I find this kind of vigilante very disturbing and unnecessarily extreme and aggressive, which could become very detrimental to the awareness of the plight of the fairy tern. I support the bird sanctuary and have given financial donations in the past. I have also lived in Mangawhai for 17 years and breed exotic birds. There is no signage on the stretch of sandspit from the nesting area up to Tern Point (about 3km) indicating ‘no dogs’. For a visitor this would have been a very bad experience of our Magical Mangawhai.
I am writing this in hope these "aggressive tactics" can be turned into "educating people and awareness" in the future. And perhaps instead of spying tactics there could be a friendly passing out of printed information. Certainly DOC does not condone this kind of approach as it can create factions. A pity such a beautiful day had to be spoilt by such ugliness.
Angry and frustrated
After reading the latest extremely well informed and sophisticated summary of the current status of the Kaipara council's attitude towards the community, I again became inwardly angry and frustrated. Then something else happened: my emotions turned more towards feeling sorry for individuals who choose to live by different rules in life. My thoughts gravitated back to my own upbringing and how I was taught as a child by my parents to work hard, become an honest individual with integrity, be strong and respectful, get a decent education and a job that I enjoy. I recognise now that my upbringing did not mould me into the company director or entrepreneurial type. Nevertheless, here I am. One way or another I feel happy enough with myself – not rich, not influential, not a mover and a shaker, but have maintained the fundamental family and life values that I hope people appreciate me for. I seem to have adopted the adage that "I climbed the ladder of success, but I found out it was the wrong building.”
So what's my point? Well, here is an extract from that very same publication that disturbed my thinking in the first place. And I quote: “This is a cynical and calculated abuse of the judicial system. It shows how fundamentally rotten local government is in New Zealand when commissioners can ignore their responsibility to ratepayers and force ratepayers to pay debts that the commissioners acknowledge were illegal, and then use public money to block access to the courts to have the matter of liability clarified." Unquote.
Nothing could be closer to the truth.
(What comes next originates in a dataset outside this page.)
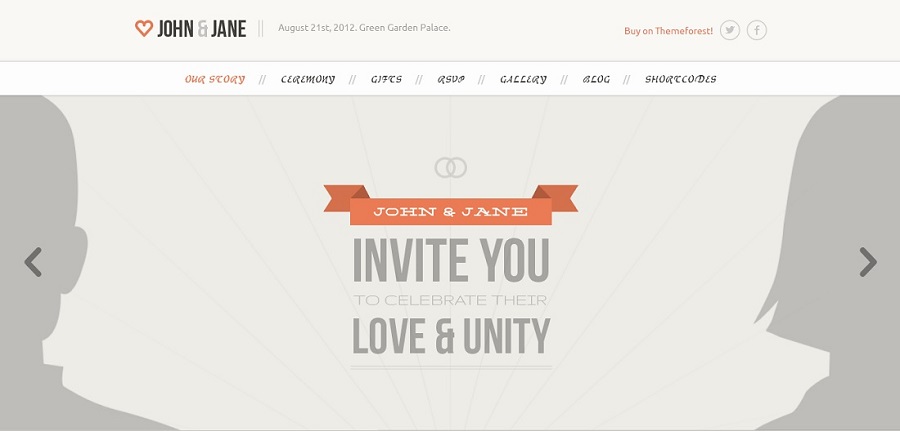 Wedding - Responsive Single Page WordPress Wedding Theme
Yes, I have seen movies such as Wall Street where greed is good, and Gordon Gecko tramples all over everyone at every opportunity to get what he wants – shafts all and sundry around him with a cynical smile while pretending to be everyone's friend and hiding his real intent while advertising an amicable facade. Am I fooled by such front-men? Sadly no. I am just thankful that I can get up in the morning, feel proud of myself and my family, uphold my values, not feel like a fraud and have to go out and communicate pre-prepared scripts full of half-truths which deliberately exclude obvious detail to appease the masses and gain support.
Would I want to get up and face every day, knowing full well that everything I was doing was flying in the face of honesty, integrity and all that I had been led to believe was how one should conduct their life? And all for $1400 a day? No, you are welcome to it. I much prefer seeing myself in the bathroom mirror in the morning, brushing my teeth, and feeling somewhat proud of the fact that at least I have made a difference to the people close to me in my own other small ways.
My only wish is that someone in a very high place, who is well versed in the law, eventually puts this Kaipara council where it belongs.
My congratulations to Craig Brown on his re-election to the Northland Regional Council, and to Deborah Harding on polling so well – the highest of any woman standing in Northland for the NRC. Keep it up lady!
To those who voted for me, an unknown ‘anybody’, I thank each of you for your support. And thanks to this newspaper for the publicity. I actually quite enjoyed the experience!